* Problem
Output each line exactly as written, from the first line of the records to the line bearing "AMERICAN EAGLE MEN", inclusive, while leaving every picture out.

* Data for analysis
------------
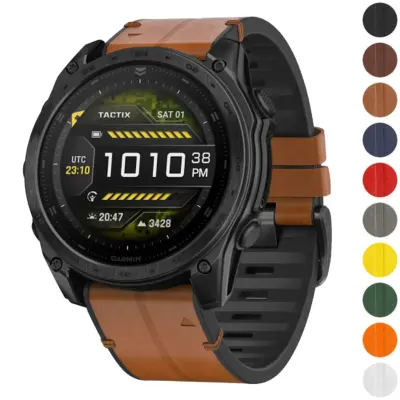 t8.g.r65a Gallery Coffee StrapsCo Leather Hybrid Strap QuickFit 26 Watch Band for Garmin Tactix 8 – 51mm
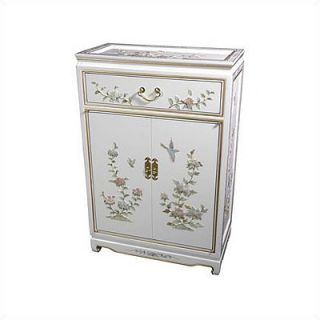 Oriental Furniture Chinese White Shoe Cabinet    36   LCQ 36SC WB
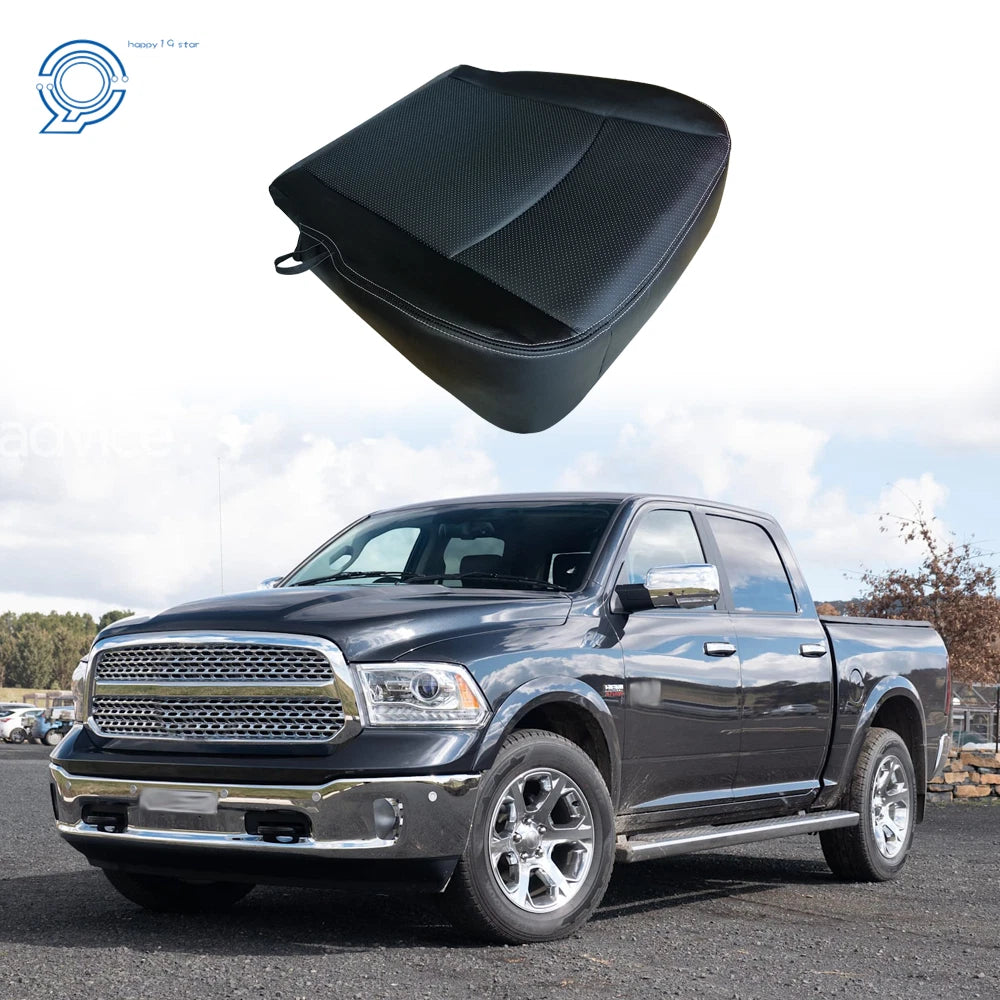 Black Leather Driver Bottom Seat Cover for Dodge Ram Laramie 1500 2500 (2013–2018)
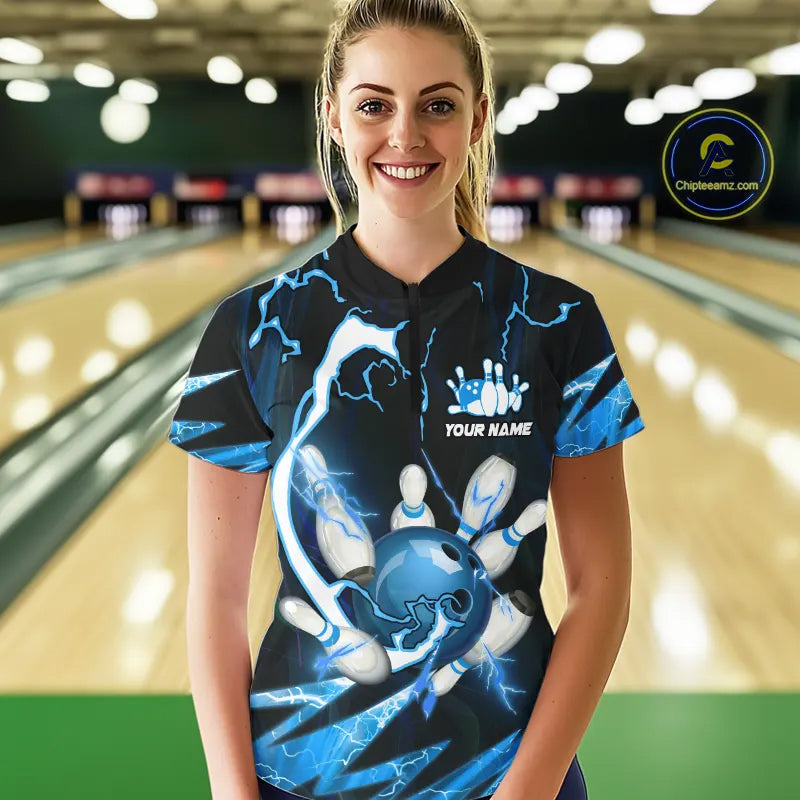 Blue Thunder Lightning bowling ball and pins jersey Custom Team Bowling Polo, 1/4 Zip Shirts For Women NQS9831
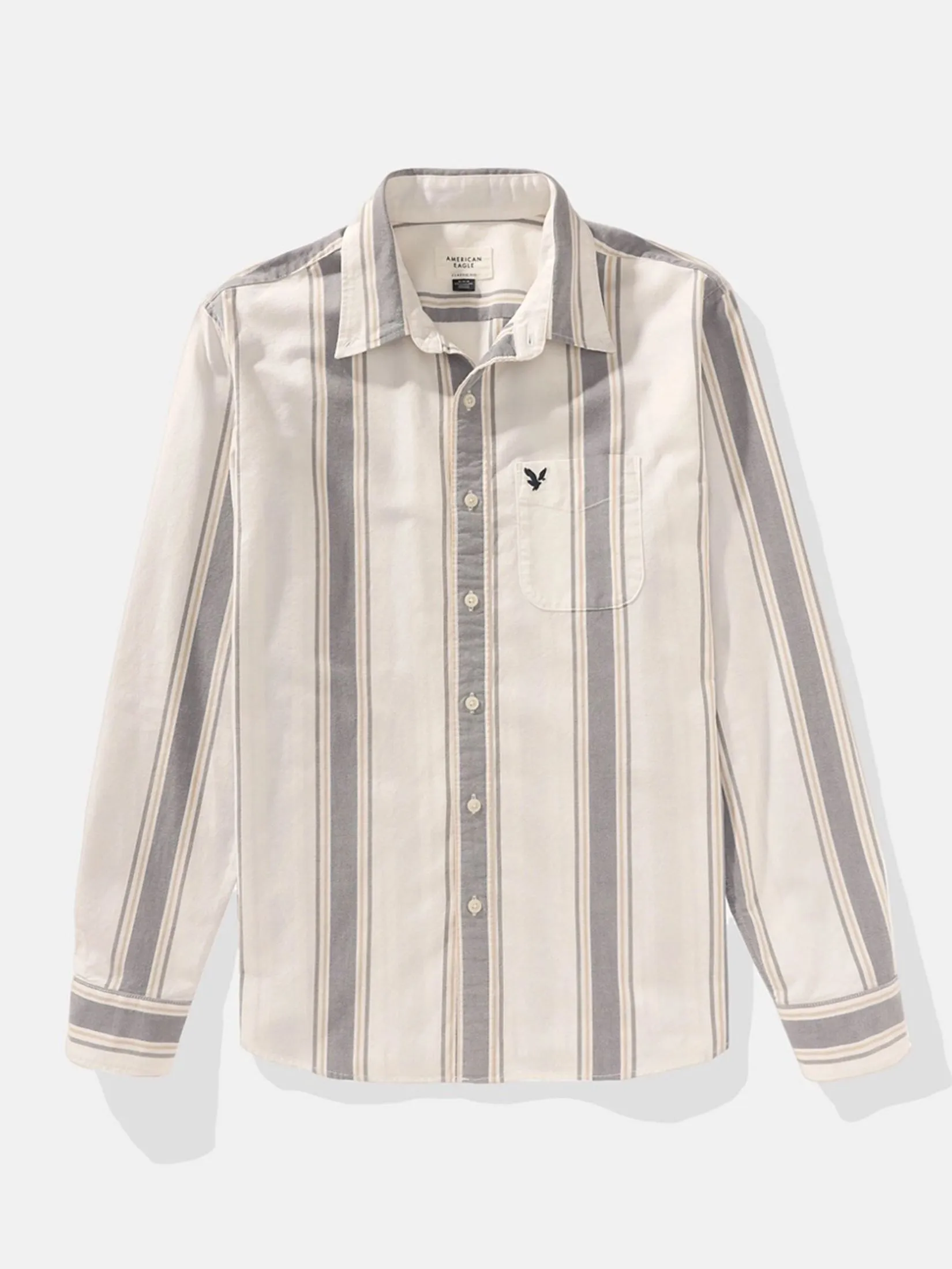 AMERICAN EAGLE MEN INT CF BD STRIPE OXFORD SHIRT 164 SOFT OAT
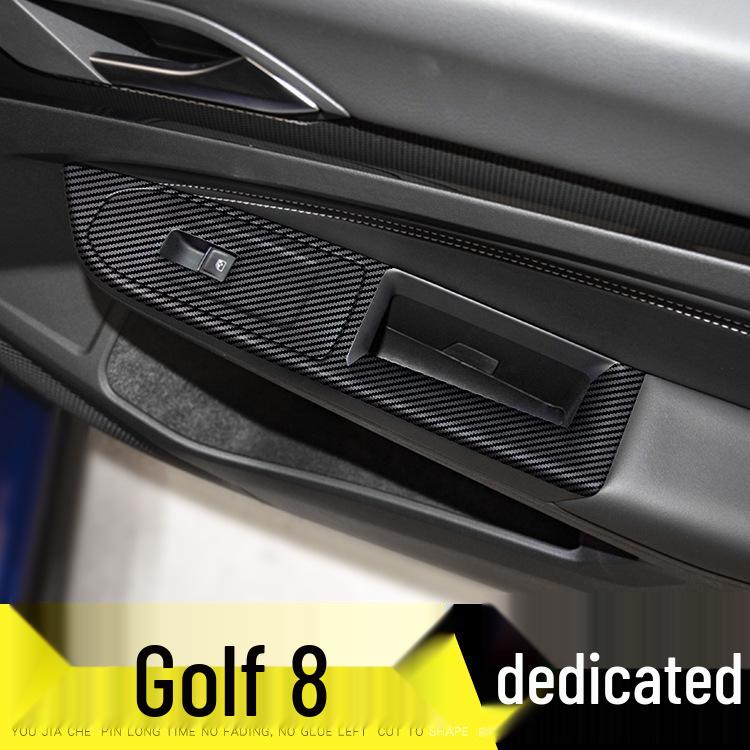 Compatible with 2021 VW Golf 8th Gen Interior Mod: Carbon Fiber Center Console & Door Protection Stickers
------------
* Answer
 t8.g.r65a Gallery Coffee StrapsCo Leather Hybrid Strap QuickFit 26 Watch Band for Garmin Tactix 8 – 51mm
 Oriental Furniture Chinese White Shoe Cabinet    36   LCQ 36SC WB
 Black Leather Driver Bottom Seat Cover for Dodge Ram Laramie 1500 2500 (2013–2018)
 Blue Thunder Lightning bowling ball and pins jersey Custom Team Bowling Polo, 1/4 Zip Shirts For Women NQS9831
 AMERICAN EAGLE MEN INT CF BD STRIPE OXFORD SHIRT 164 SOFT OAT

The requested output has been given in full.